Temporal Relation based Attentive Prototype Network for Few-shot Action Recognition

Guangge Wang (Xiamen University); Haihui Ye (Xiamen University); Xiao Wang (Xiamen University); Weirong Ye (Xiamen University); Hanzi Wang (Xiamen University)*


Few-shot action recognition aims at recognizing novel action classes with only a small number of labeled video samples. We propose a temporal relation based attentive prototype network (TRAPN) for few-shot action recognition. Concretely, we tackle this challenging task from three aspects. Firstly, we propose a spatio-temporal motion enhancement (STME) module to highlight the object motions in the videos. The STME module utilizes cues from the content displacements in the videos to enhance the motion-related regions of the features. Secondly, we learn the core common action transformations by our temporal relation (TR) module, which captures the temporal relations from short-term to long-term time scales.

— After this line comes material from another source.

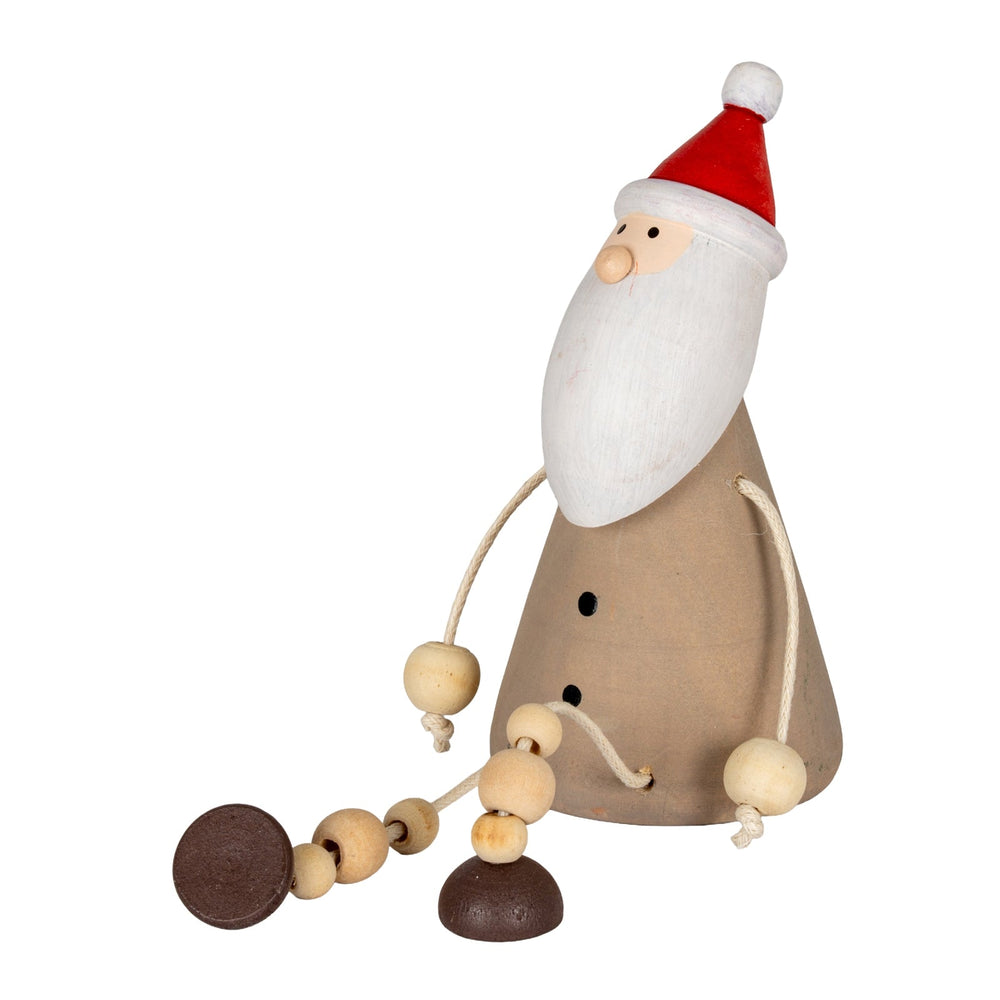 Wooden Jolly Sitting Santa Decoration - Canwell Interiors Limited - Hills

The learned temporal relations are encoded into descriptors to constitute sample-level features. The abstract action transformations are described by multiple groups of temporal relation descriptors. Thirdly, a vanilla prototype for the support class (e.g., the mean of the support class) cannot fit well for different query samples. We generate a query-specific prototype constructed from temporal relation descriptors of support samples, which gives more weight to discriminative samples. We evaluate our TRAPN on Kinetics, UCF101 and HMDB51 real-world few-shot datasets. Results show that our network achieves the state-of-the-art performance among competing methods.